Fourth, Whitehurst never grapples with a fundamental issue in pre-K research: it does not take much of a pre-K impact on test scores for pre-K’s predicted earnings benefits over an entire career to justify considerable costs. Effects he characterizes as “small” are in many cases more than sufficient for programs to pass a benefit-cost test.

Fifth, Whitehurst never discusses another fundamental issue in pre-K research: test score effects often fade as children go through the K-12 system, but then effects on adult outcomes such as educational attainment or earnings re-emerge despite the fading. The faded test score effects are often poorer predictors of adult outcomes than the initial post-program test score effects. This means that studies with good evidence on adult outcomes gain importance relative to studies that only go through elementary school, and that studies with good evidence on immediate post-program outcomes gain in importance relative to studies that only go through elementary school.  The elementary school test data adds some evidence, but not as much as might at first appear.

Sixth, if Whitehurst believes in the usefulness of child care services, the most logically consistent position is that he should back expanding programs such as Educare (full-time child care and pre-K from birth to age 5) to all low-income children. In my book Investing in Kids, I argued that the research evidence on child care and on the Abecedarian program, which was very similar to today’s Educare program,  suggested that a program such as Educare would have earnings benefits for parents that significantly exceeded program costs.

So why not expand Educare, which would help low-income parents increase their work and their educational attainment, leading to significant boosts to parents’ short-run and long-run earnings? If Educare also helps improve the children’s long-run prospects, so much the better. (And in fact Whitehurst seems to like the Infant Health and Development Program research that supports that there would be such benefits for low-income children from an Educare-style program.)  

I estimate that an Educare program for all families below the poverty line would cost around $70 billion per year, but would have parental earnings benefits significantly greater than that. This proposal would be consistent with a previous proposal made by colleagues of Whitehurst at Brookings.  Such a proposal goes far beyond the cost of any preschool proposal made by the Obama Administration. But I think it would be a logically consistent proposal for Whitehurst to make. Whitehurst should be arguing that the Obama Administration preschool proposal is underfunded, not sufficiently comprehensive in its birth-to-five services, and insufficiently targeted on low-income families. (Note: this is not my position; for example, I’m in favor of universal pre-K. What I am describing is the position that is most consistent with Whitehurst’s own review of the research evidence.)  

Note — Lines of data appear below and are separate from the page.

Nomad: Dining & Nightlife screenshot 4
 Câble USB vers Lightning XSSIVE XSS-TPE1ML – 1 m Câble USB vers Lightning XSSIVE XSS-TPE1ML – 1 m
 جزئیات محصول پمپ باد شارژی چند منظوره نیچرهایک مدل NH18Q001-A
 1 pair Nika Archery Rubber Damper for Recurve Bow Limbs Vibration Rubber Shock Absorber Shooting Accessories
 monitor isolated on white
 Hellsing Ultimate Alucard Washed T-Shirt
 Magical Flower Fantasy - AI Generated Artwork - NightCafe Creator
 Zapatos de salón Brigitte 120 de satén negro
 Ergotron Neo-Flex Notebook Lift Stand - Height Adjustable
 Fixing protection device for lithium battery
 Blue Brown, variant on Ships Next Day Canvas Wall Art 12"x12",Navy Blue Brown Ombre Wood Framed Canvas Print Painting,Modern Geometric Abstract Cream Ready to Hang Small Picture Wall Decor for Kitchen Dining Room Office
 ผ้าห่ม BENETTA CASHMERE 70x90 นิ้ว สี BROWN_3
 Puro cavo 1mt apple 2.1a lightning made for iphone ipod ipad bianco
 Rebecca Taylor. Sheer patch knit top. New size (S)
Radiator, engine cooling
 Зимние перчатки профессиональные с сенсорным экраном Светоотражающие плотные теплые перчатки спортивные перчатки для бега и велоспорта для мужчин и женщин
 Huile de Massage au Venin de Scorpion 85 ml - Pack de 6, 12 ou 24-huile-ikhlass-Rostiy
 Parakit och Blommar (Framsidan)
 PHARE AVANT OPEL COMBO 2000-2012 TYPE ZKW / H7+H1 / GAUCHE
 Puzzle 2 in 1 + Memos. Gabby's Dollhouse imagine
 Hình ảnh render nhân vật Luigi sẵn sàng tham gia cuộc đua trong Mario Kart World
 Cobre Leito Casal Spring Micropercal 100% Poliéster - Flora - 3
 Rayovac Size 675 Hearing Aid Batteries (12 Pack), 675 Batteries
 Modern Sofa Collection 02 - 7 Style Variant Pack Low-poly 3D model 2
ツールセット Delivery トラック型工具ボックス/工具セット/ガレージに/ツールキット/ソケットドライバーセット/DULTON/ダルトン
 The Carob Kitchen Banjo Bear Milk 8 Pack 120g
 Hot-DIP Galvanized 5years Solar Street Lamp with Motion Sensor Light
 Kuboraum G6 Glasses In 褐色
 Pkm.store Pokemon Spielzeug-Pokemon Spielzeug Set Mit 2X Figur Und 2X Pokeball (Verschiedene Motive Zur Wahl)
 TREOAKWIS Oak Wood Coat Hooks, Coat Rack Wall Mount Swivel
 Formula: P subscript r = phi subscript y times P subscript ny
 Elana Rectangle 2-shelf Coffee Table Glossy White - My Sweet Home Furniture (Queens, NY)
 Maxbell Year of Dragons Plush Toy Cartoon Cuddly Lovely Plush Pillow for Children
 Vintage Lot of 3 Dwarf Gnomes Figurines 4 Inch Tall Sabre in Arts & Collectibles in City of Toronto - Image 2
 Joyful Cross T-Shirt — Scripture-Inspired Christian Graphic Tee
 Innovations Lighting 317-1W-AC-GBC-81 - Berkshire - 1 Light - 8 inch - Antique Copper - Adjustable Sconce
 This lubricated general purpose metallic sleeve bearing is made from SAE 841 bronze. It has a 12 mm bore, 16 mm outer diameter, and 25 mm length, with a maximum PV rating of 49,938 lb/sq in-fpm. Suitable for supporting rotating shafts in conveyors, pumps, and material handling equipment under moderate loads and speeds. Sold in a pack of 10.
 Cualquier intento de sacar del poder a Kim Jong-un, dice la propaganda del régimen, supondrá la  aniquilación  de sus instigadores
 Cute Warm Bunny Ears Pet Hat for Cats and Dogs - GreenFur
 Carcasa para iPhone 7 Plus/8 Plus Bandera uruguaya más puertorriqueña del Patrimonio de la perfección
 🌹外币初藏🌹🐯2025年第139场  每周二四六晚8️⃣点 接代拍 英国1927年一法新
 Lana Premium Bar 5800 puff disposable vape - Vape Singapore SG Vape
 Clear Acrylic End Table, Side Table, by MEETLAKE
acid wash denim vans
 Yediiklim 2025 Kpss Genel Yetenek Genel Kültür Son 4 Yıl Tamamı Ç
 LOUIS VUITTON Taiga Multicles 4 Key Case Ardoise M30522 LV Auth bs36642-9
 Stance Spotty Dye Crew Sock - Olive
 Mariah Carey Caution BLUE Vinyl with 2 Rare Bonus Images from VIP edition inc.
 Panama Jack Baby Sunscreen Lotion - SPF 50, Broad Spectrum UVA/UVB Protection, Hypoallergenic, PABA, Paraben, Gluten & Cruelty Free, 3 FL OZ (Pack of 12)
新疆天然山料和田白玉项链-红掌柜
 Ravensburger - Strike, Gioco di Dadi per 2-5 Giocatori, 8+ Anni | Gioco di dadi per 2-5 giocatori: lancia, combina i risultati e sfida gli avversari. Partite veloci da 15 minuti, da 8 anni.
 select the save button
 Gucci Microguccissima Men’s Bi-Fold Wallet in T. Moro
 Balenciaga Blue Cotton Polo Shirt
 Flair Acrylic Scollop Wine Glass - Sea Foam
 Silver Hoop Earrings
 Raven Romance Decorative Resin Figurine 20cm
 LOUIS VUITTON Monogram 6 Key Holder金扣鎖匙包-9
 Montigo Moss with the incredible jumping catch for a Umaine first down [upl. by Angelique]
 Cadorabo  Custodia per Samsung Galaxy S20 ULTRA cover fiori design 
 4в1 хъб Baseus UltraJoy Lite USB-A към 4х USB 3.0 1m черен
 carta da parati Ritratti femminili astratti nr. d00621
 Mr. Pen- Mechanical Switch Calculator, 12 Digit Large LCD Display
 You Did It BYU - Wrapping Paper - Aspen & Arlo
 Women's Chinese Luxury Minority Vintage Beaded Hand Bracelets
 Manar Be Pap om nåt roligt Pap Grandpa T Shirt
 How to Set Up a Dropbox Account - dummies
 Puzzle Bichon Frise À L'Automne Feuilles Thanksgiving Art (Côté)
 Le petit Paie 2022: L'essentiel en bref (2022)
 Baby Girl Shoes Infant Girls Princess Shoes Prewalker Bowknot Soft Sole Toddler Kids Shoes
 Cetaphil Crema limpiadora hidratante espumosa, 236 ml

Before I get into the details, one more important headline issue: why should policymakers or journalists or other policy “influencers” believe my position, that the best evidence supports pre-K’s effectiveness, rather than Whitehurst’s position, that the research is more uncertain? The best way is to simply look at the research studies on your own, and make up your own mind, but how is one supposed to do this without an extensive background in statistics and research methodology?

Whitehurst’s position of doubt has a structural advantage in the debate in the public square.  Some researchers argue that pre-K works, others say it may not: the headline news to an outside observer is that doubt wins the debate as long as the side that is promoting doubt has a consistent position that cites evidence.  It’s easier to spread doubt than to assuage doubt.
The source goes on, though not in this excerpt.